Did you check the U.S. Embassy's Web site -- the U.S. Embassy in Japan? They have a very helpful page describing the whole marriage process in Japan from the point of view of a foreigner (non-Japanese).

Three months is plenty of time if you're familiar with the process ahead of time (read that Web site) and have your documents in order. You would not have financial support requirements, though obviously financial support in the abstract is important -- it's not free to live in Japan. You will be expected to reside together, yes, but that's not quite the same thing as being continuously under the same roof at every moment. In other words, by the time you get to the alien registration steps (after marriage) your legal permanent residence will be the same as hers. But you're allowed to take vacations, if that's what you're asking.


----------



## blondsurferboy

BBCWatcher said:


> Did you check the U.S. Embassy's Web site -- the U.S. Embassy in Japan? They have a very helpful page describing the whole marriage process in Japan from the point of view of a foreigner (non-Japanese).
> 
> Three months is plenty of time if you're familiar with the process ahead of time (read that Web site) and have your documents in order. You would not have financial support requirements, though obviously financial support in the abstract is important -- it's not free to live in Japan. You will be expected to reside together, yes, but that's not quite the same thing as being continuously under the same roof at every moment. In other words, by the time you get to the alien registration steps (after marriage) your legal permanent residence will be the same as hers. But you're allowed to take vacations, if that's what you're asking.

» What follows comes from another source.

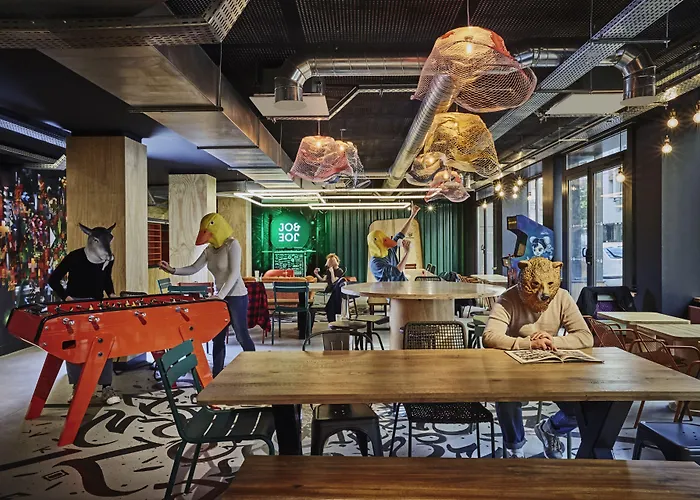 Jo&joe - Nation Paris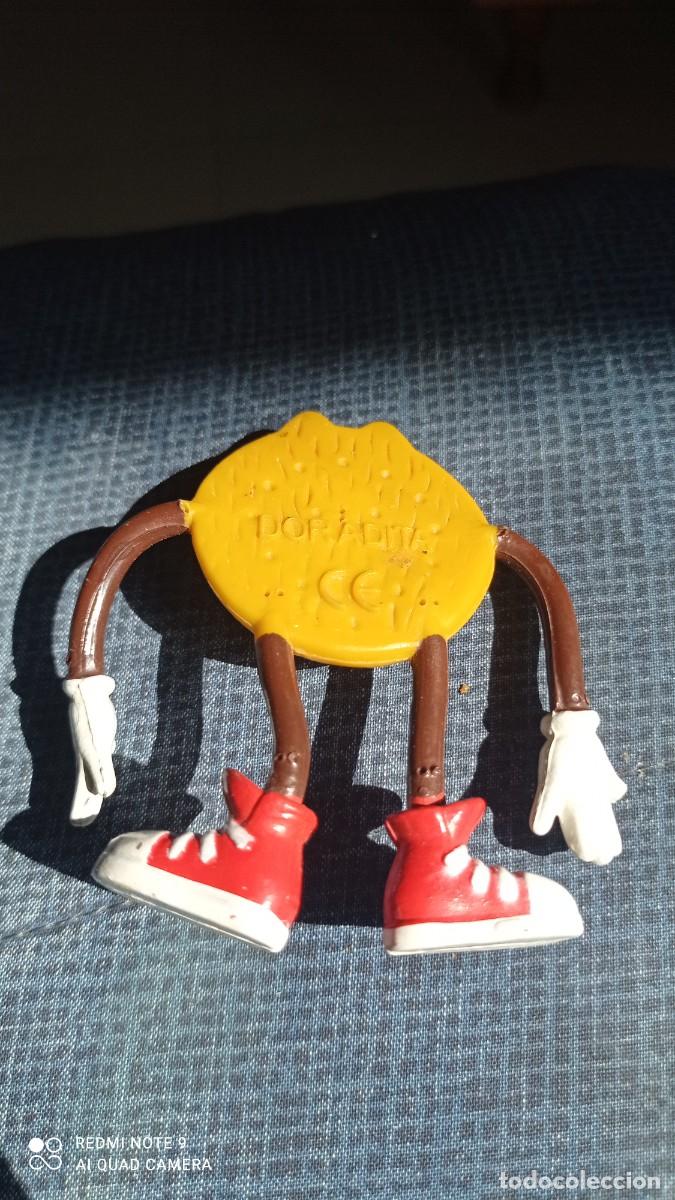 Figuras de goma y PVC: Figura goraditas - Foto 2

Yes, I checked those sites. I didn't see anything mentioning the need to have a certain amount of money saved up, but it does mention about providing a permanent address. She currently works part time, which is alright because we will live in Shizuoka city, which is a lot cheaper that Tokyo, Kyoto and Osaka. I will make decent money once I get a teaching job. I know I will need to save up a lot so we can afford an apartment or rent a room out for the first couple months, until I find a job and get my first salary. I will also need to marry her right away, so that schools will hire me legally and that the process will maybe finish before my 3 month tourist visa expires.


----------



## larabell

I think you're asking about two slightly different things... the requirements to get married and the requirements to get a spousal visa so you can live and work in Japan. There are no financial requirements for marriage. A non-Japanese has to provide proof of eligibility to marry (that is, proof that you're not already married back in the US or elsewhere). Since the US doesn't keep those sorts of records on their citizens, the best you can do is a notarized statement that you're eligible to marry, which you can get by visiting the US embassy once you're here. You might be able to get something before you come over but I have no idea where you'd go and, in any event, you'll need to provide a Japanese translation so you might as well just visit the US Embassy once you arrive in Japan.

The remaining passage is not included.